— Input data —
━━━
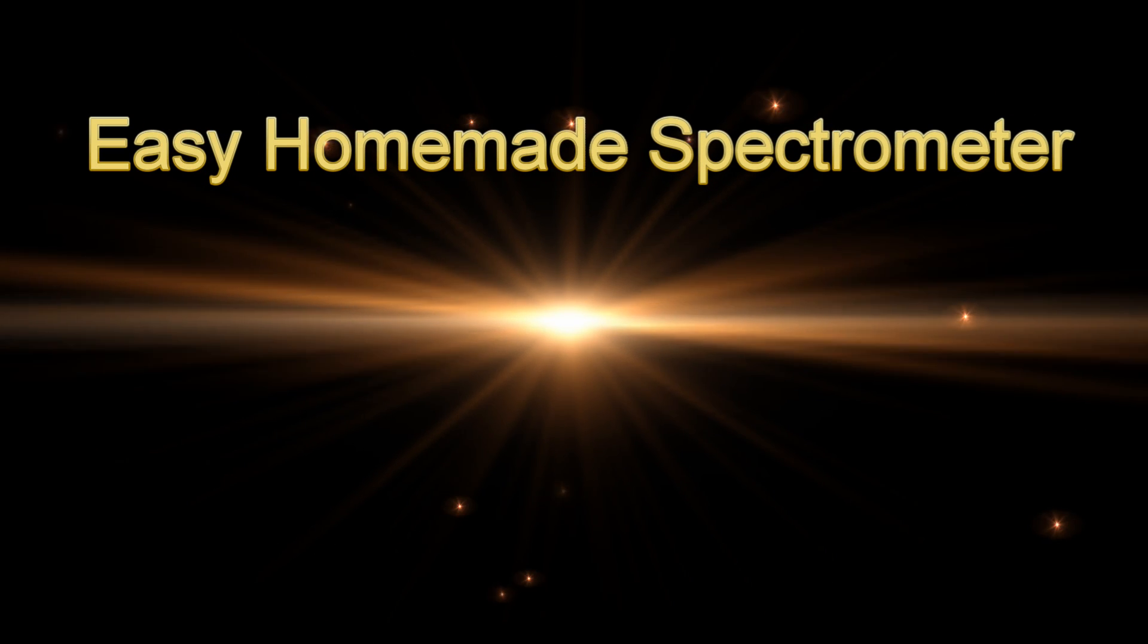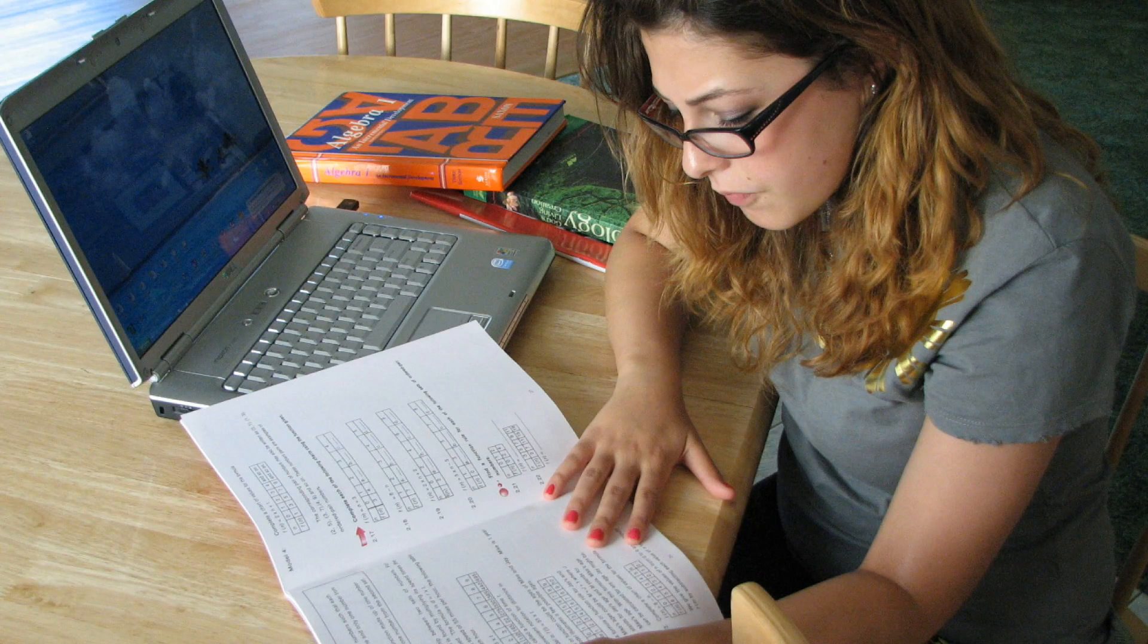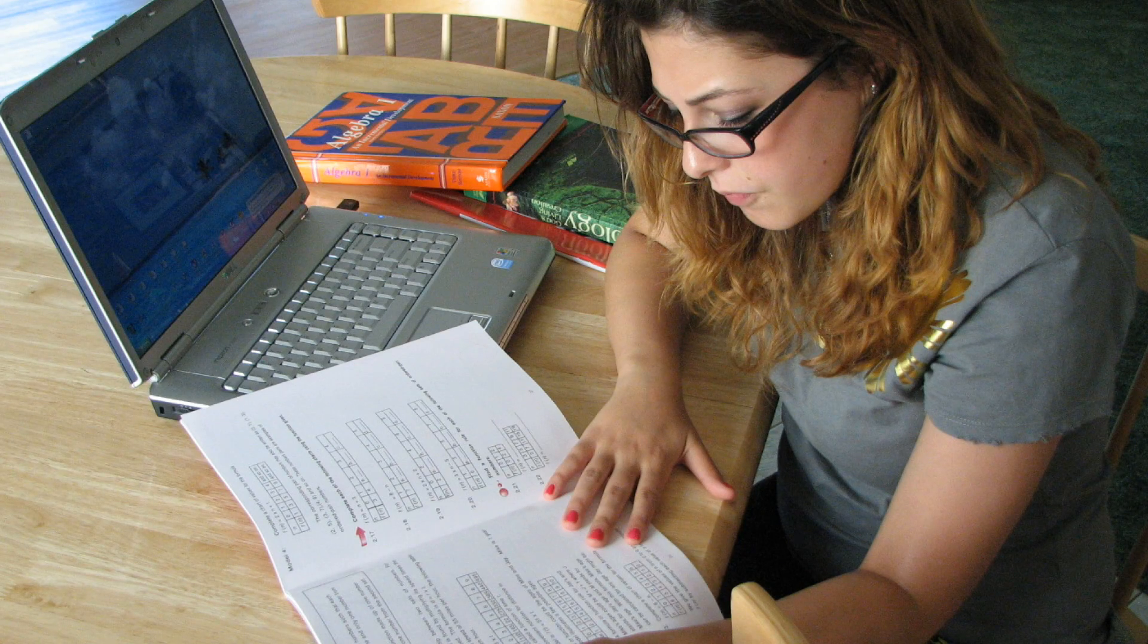One of the things I do for a living is teach young people science in their homes, and they tend to like anything about light.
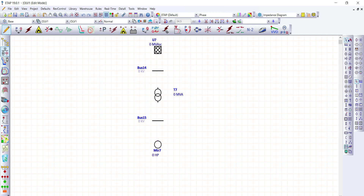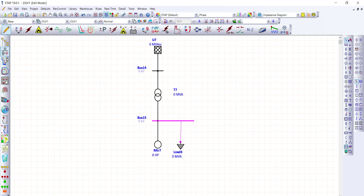Let's connect the power grid to the bus, and the primary side of the transformer also going to the bus. The secondary side of the transformer we connect to the lower bus, and the induction motor also connects to the secondary bus of the transformer. We're also going to add a static load and connect it to the bus.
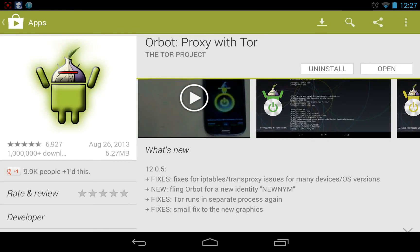Welcome to Mobile Tech Heat. This is Anthony F. Here we are with Orbot Proxy with Tor, which is an Android app that connects you to Tor.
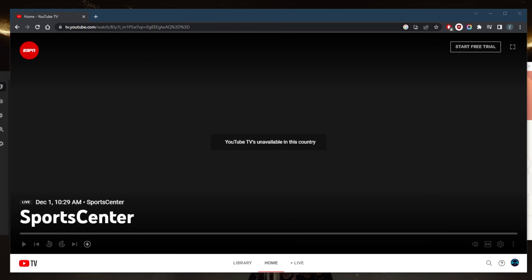YouTube TV is altogether not available in most countries. It's mostly available in the United States, and I'm not in the United States, which is why it says right here 'YouTube TV is unavailable in this country.'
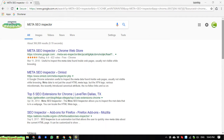Hi, in this video today I would like to introduce the Meta SEO Inspector extension for Chrome. Just go ahead and type it in the search box in Google Search: 'Meta SEO Inspector'.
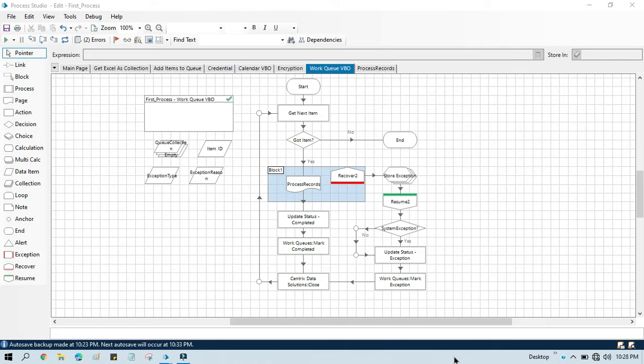Hello friends, welcome back. This is Manish Pande. Today in this video I am going to show you how to use the Get Report Data action. Get Report Data action is a part of the Work Queue VBO and this action is very helpful and useful for reporting purposes — specifically for work queue reporting.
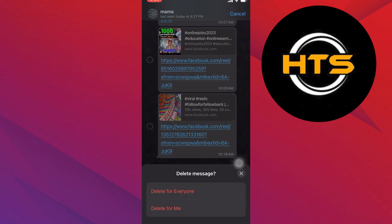Select all the messages that you want to unsend. Once you're done, tap on this trash bin given in your bottom left corner.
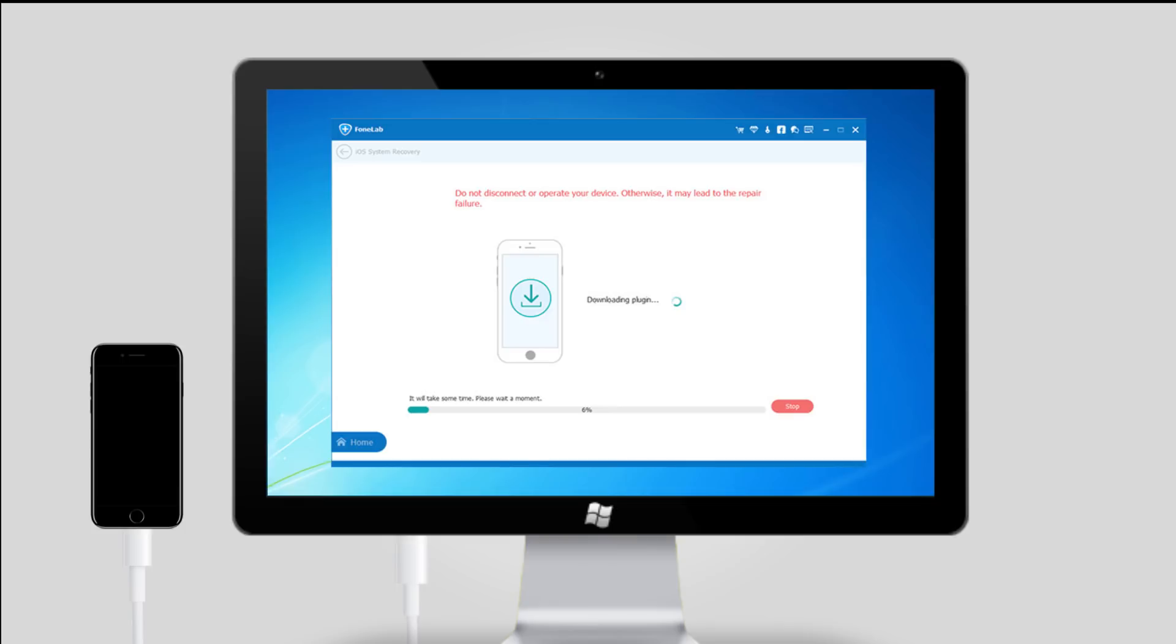It will take some time to download the plug-in. Please do not disconnect or use your device during the process. Otherwise, it may lead to repair failure.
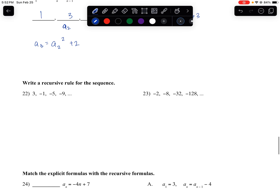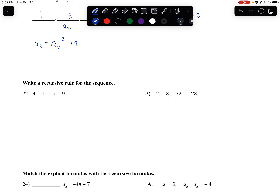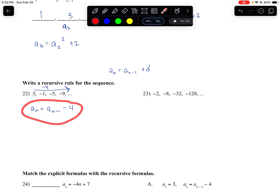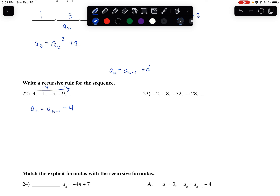Write a recursive rule for each sequence. For 3, negative 1, negative 5, negative 9 — we're subtracting 4 each time, so this is arithmetic with common difference negative 4. The recursive rule is a sub n equals a sub n-1 minus 4, with a sub 1 equals 3. For the second sequence, multiplying by 4 each time means it's geometric with common ratio negative 4, so a sub n equals negative 4 times a sub n-1, with a sub 1 given.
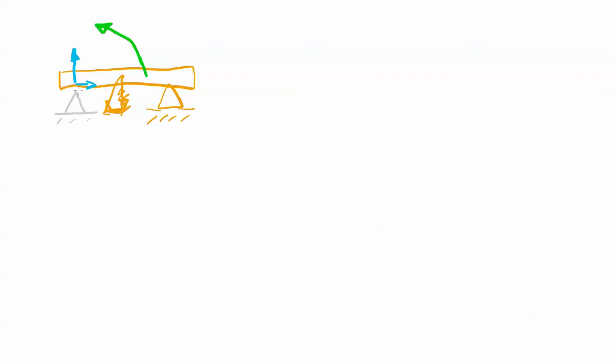This support will do nothing, so it will have a reaction vertically, it will have a reaction horizontally, but as far as resisting torque, resisting any type of torque, nope it can't do it. So let's take a look at other types of reaction points and see what they can do.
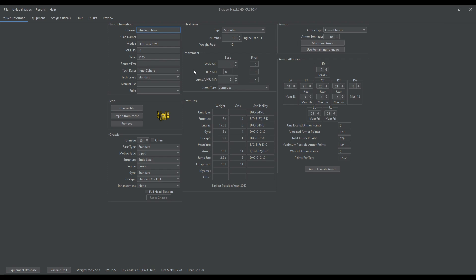So first of all, make your custom mech. I've built a custom Shadowhawk here. You need the mull ID to be negative 1, and then call it something that you're going to be able to find easily by searching.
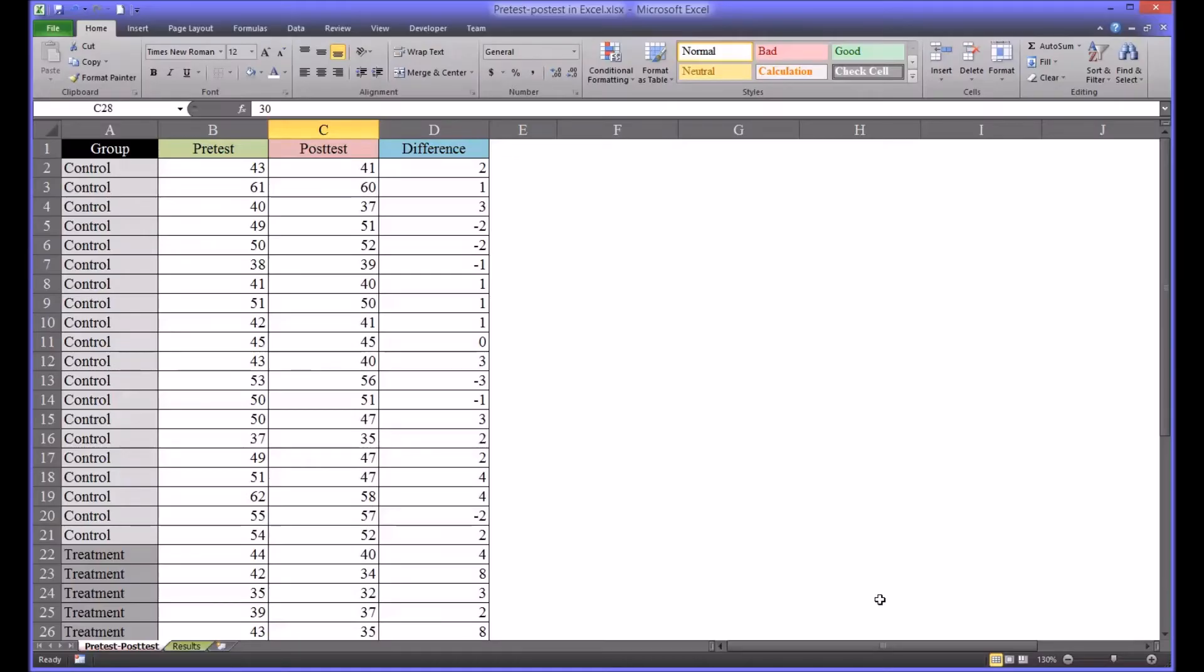Hello, this is Dr. Grande. Welcome to my video on pre-test post-test analysis using Excel.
━━━
— What you are asked to do —
All that should be returned is the run of lines from the start of the entries above to the line bearing "It will take", each exact, with pictures omitted.

— Result of the task —
One of the things I do for a living is teach young people science in their homes, and they tend to like anything about light.
Let's connect the power grid to the bus, and the primary side of the transformer also going to the bus. The secondary side of the transformer we connect to the lower bus, and the induction motor also connects to the secondary bus of the transformer. We're also going to add a static load and connect it to the bus.
Welcome to Mobile Tech Heat. This is Anthony F. Here we are with Orbot Proxy with Tor, which is an Android app that connects you to Tor.
YouTube TV is altogether not available in most countries. It's mostly available in the United States, and I'm not in the United States, which is why it says right here 'YouTube TV is unavailable in this country.'
Hi, in this video today I would like to introduce the Meta SEO Inspector extension for Chrome. Just go ahead and type it in the search box in Google Search: 'Meta SEO Inspector'.
Hello friends, welcome back. This is Manish Pande. Today in this video I am going to show you how to use the Get Report Data action. Get Report Data action is a part of the Work Queue VBO and this action is very helpful and useful for reporting purposes — specifically for work queue reporting.
Select all the messages that you want to unsend. Once you're done, tap on this trash bin given in your bottom left corner.
It will take some time to download the plug-in. Please do not disconnect or use your device during the process. Otherwise, it may lead to repair failure.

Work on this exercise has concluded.